Below are some records. Return exactly their lines from the one containing "Apartment A-2895-c - Apartments" through the one containing "Finnveden Forest Flanellskjorta", and drop the pictures.

▸ DATASET RECORDS:
──────
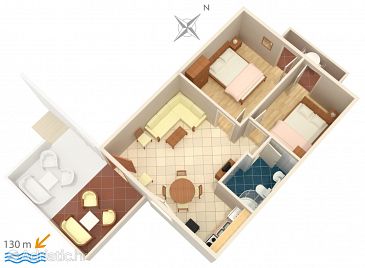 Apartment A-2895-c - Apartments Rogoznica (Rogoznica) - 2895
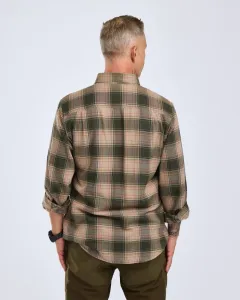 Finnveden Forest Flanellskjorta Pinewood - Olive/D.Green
──────
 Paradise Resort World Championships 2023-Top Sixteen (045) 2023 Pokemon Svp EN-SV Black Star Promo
──────
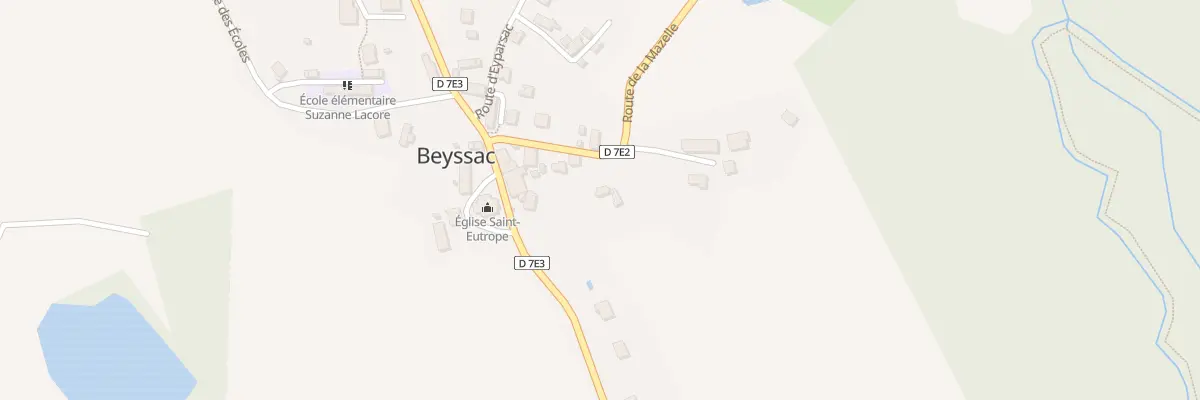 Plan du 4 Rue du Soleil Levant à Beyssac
──────
▸ ANSWER FOR THIS EXERCISE:
 Apartment A-2895-c - Apartments Rogoznica (Rogoznica) - 2895
 Finnveden Forest Flanellskjorta Pinewood - Olive/D.Green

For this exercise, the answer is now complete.